I got out of dodge last weekend for a lovely visit with one of my best friends in Charleston. I realize this isn’t huge news but it was my first weekend away from Landon. We talked yesterday in group about allowing the dads time with the kids and therefore giving ourselves a break. I’m not sure why but it’s really hard not to try to control everything when it comes to Landon.
Case in point…. last night’s bedtime. I asked Bo to put her down b/c I wanted to make dinner for him and his mom. I heard him read to her, pjs on and lights low. My heart was full listening to him read her a story. But homegirl hates when you turn of the lights. She cries and cries wrapped tightly in her swaddle. I have some tricks you see to get her to go to sleep since I usually put her to bed. So of course I wander in there 3-4x to see if he wants help. In the end he finally relinquished her since I seemed hellbent on helping.

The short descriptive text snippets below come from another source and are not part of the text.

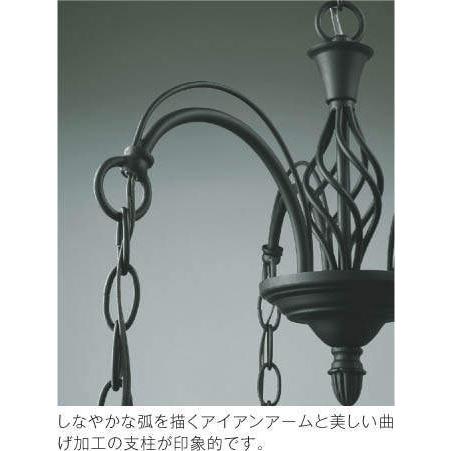 AA39690L シャンデリア  LEDランプ交換可能型 非調光 60W×8灯相当 〜14畳 電気工事不要タイプ コイズミ照明の画像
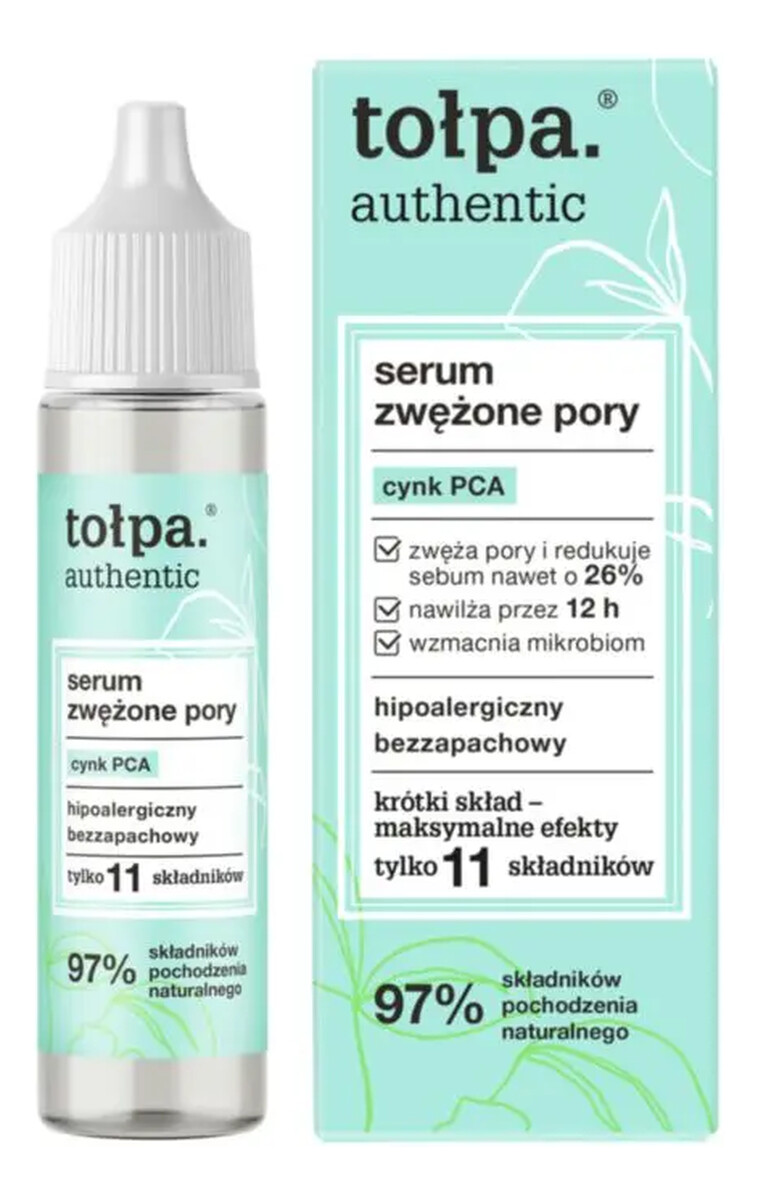 Serum zwężone pory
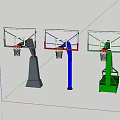 Multiple Colors Outdoor Basketball Hoops Sports Equipment With Various Stand Designs And Training Use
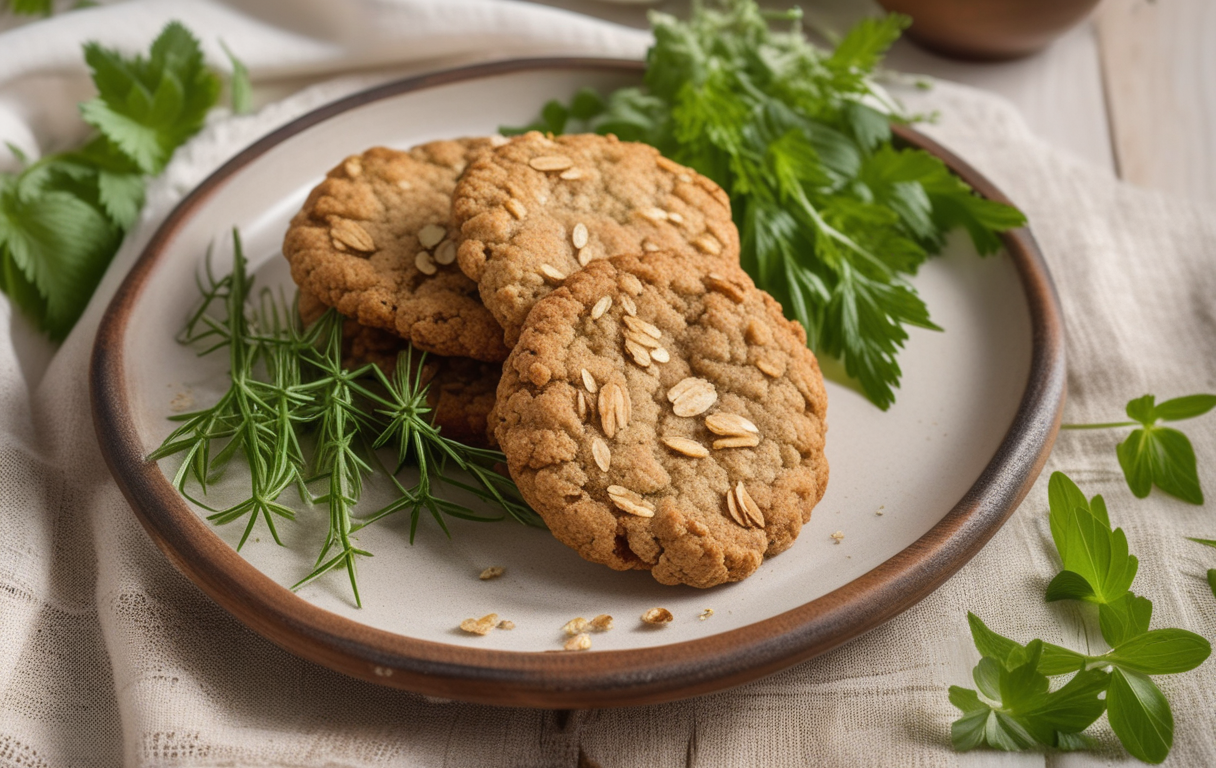 Galletas de avena y chía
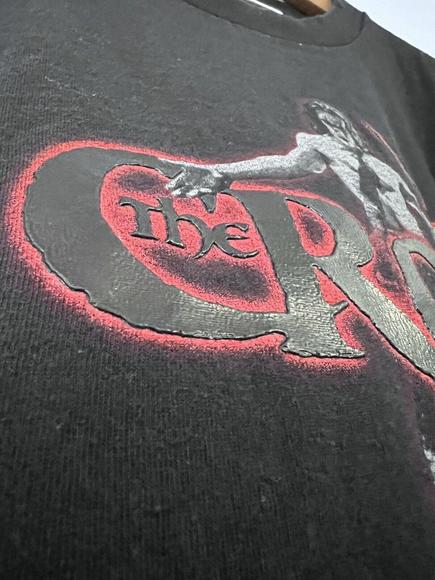 Vintage Y2K 2001 The Crow Movie Promo Goth 3D Puffy Logo Image T-Shirt Mens XL - Picture 4 of 10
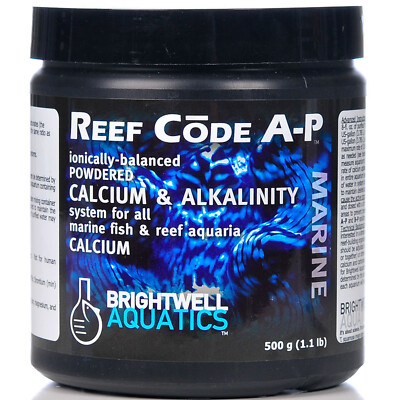 Brightwell Aquatics Reef Code A-P 500g Powder Calcium Marine Aquarium Supplement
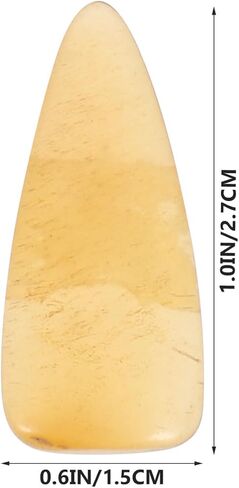 BESTYASH سميكة Guzheng الأظافر القرن حماة الأصابع متوسطة الحجم لون عشوائي Guzheng الأظافر وهمية لممارسة سلسلة أداة in Kuwait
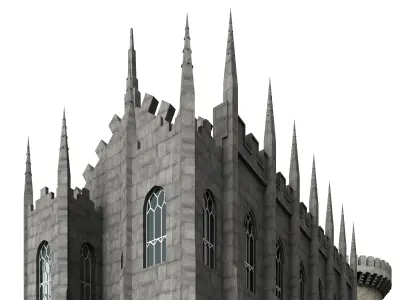 Dublin Castle 3D model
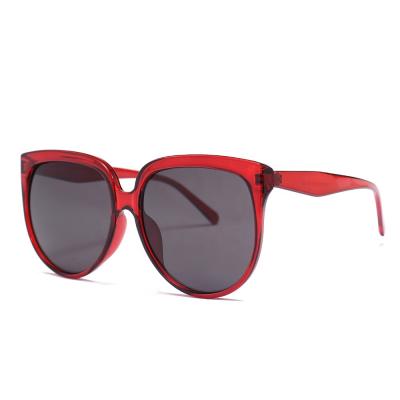 China Anti UV400 2020 European Large Cat Eye Sun Glass Vintage Women Stylish Oversized Red Sunglasses for sale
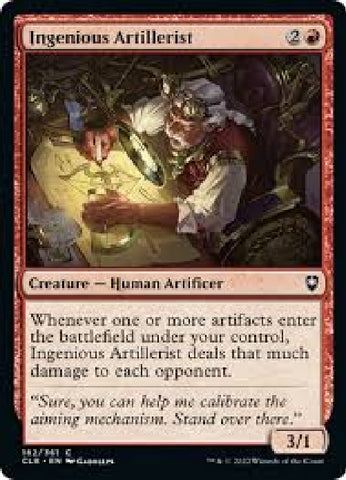 "Ingenious Artillerist" x4 - Magic The Gathering Card - CLB - 4-Card Playset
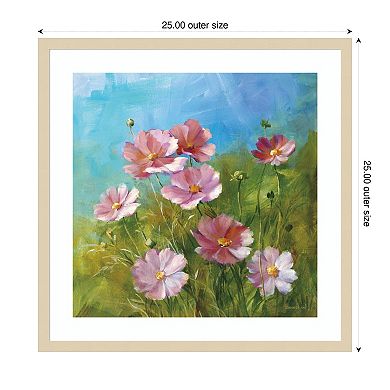 Summer Field III by Danhui Nai Wood Framed Wall Art Print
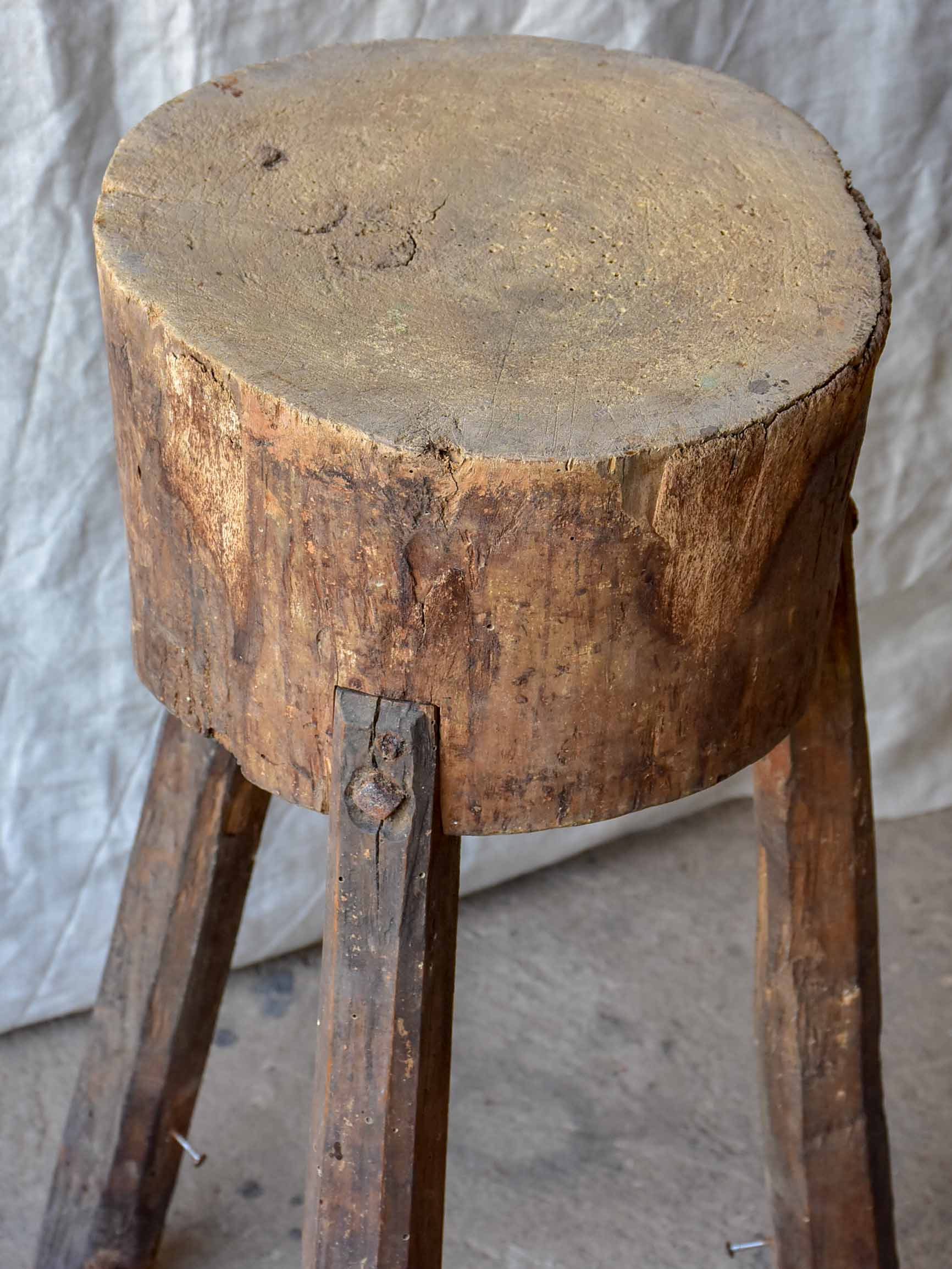 Antique French butcher's table - 2 of 2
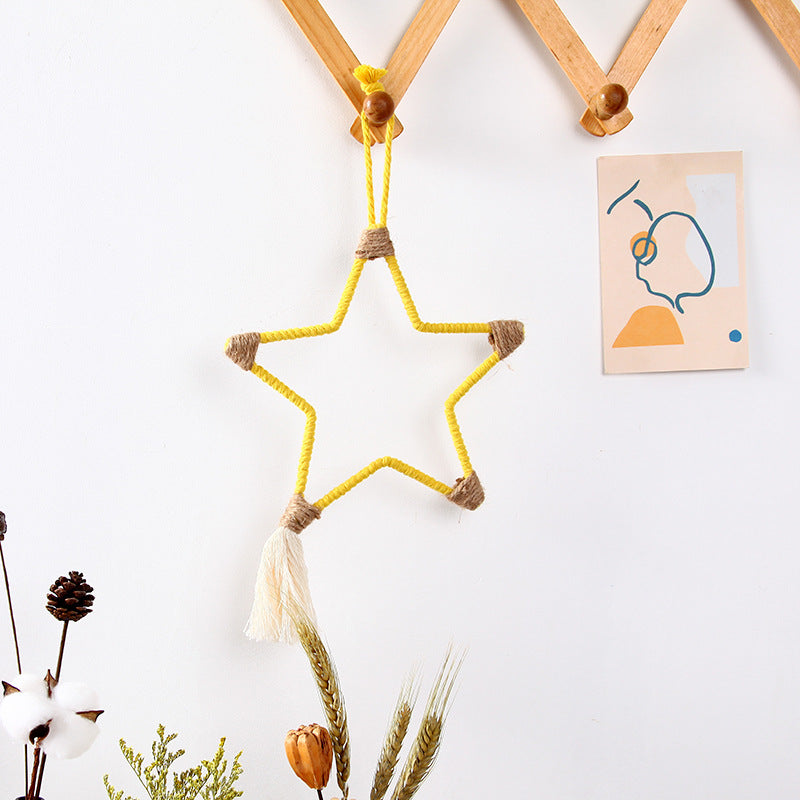 Macrame Crescent Wall Decor | High & Bury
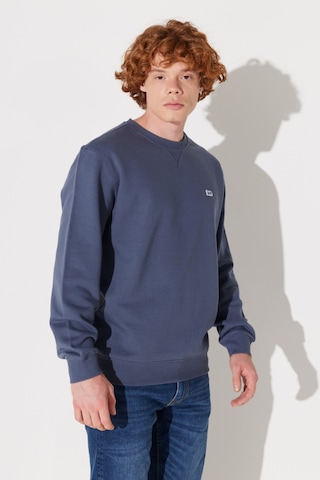 Lee Regular Fit Normal Kesim %100 Pamuk Bisiklet Yaka İçi Polarlı İndigo Sweatshirt L81IRY315 İndigo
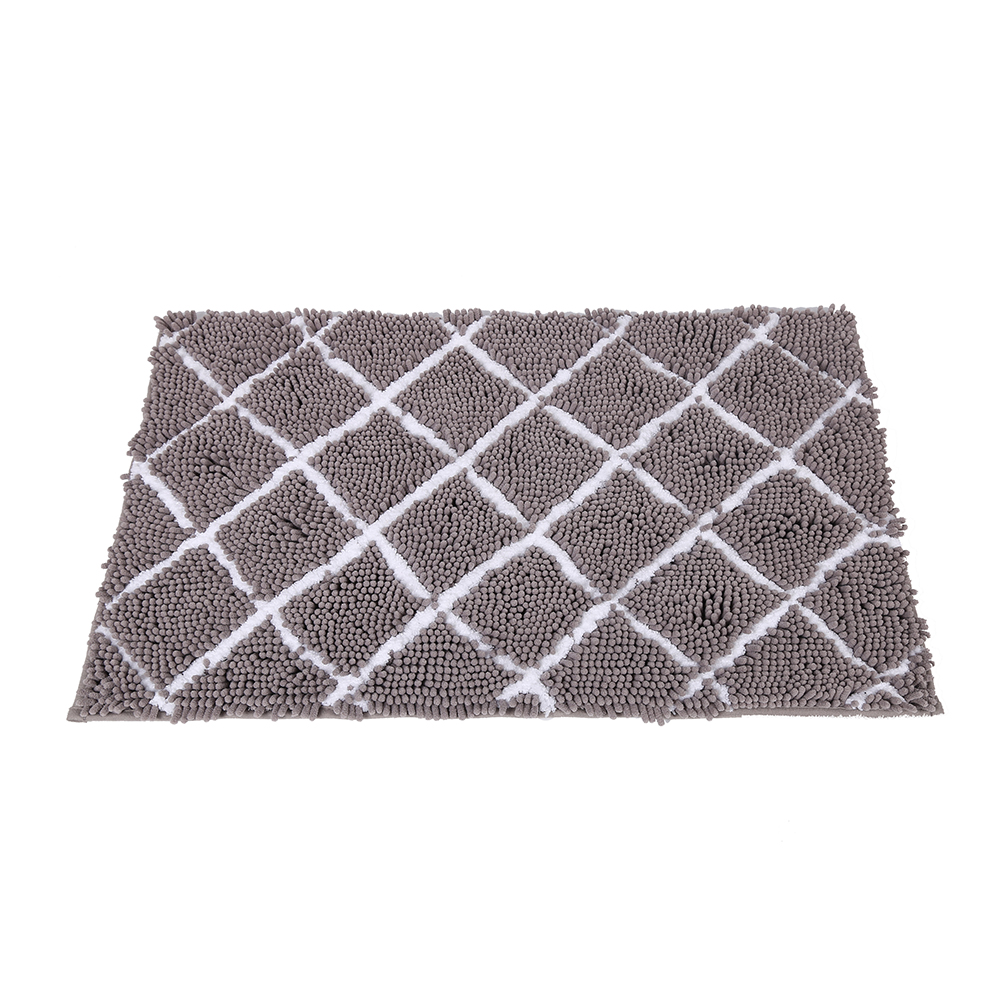 Soft and Absorbent Chenille Bathroom Rug for Cozy Home Décor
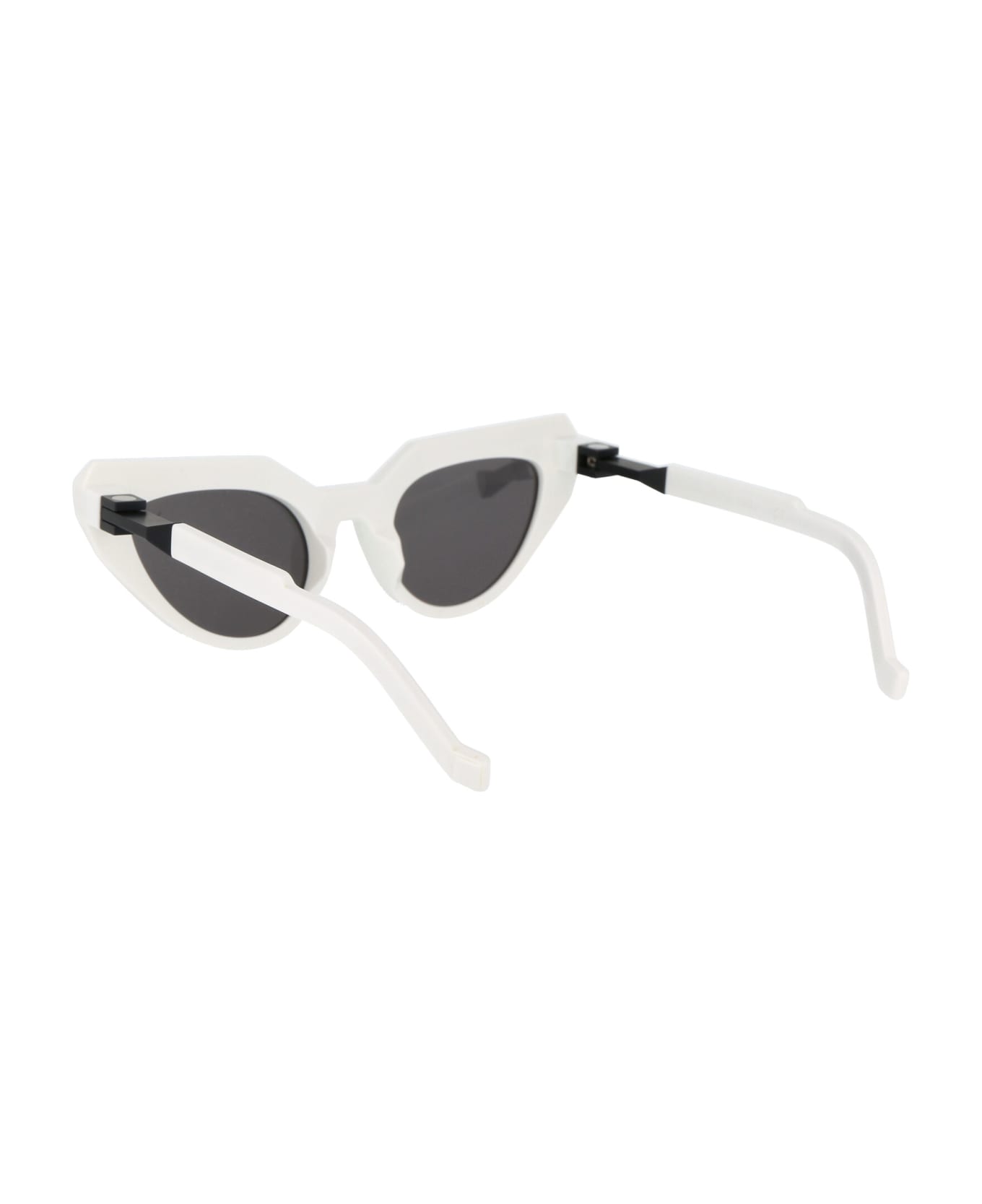 VAVA Bl0028 Sunglasses HANAH - WHITE|BLACK FLEX HINGES|BLACK LENSES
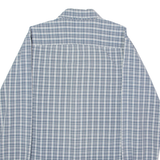 TIMBERLAND Mens Shirt Grey Check Long Sleeve M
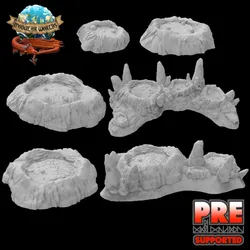 Magma Pool Terrain Scatter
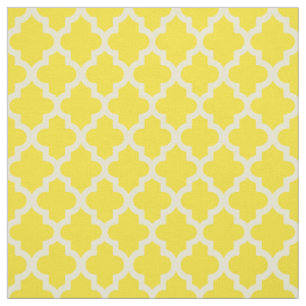 Tissu Modes marocains jaunes d'or Quatrefoil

I could and should have just let go. Let him put her to bed. He does it differently and it might take longer but…. let go Eloise. Same as this past weekend. I was a little teary and teensie bit worried but letting go and leaving to enjoy myself (and sleep!) was the best thing I’ve done for myself since she was born. It was so healthy to take a nice long 48 hour break from worrying, researching, stressing, and hello…crying.
Coming home to a sweet and loving little bug who was happy as a clam was wonderful. Daddy has got it down and is really a pro with his own style. So this is our lesson mommas…. let daddy do his thing. Go get yourself a manicure, pedicure or both. Time for ourselves is only going to make us better mommas.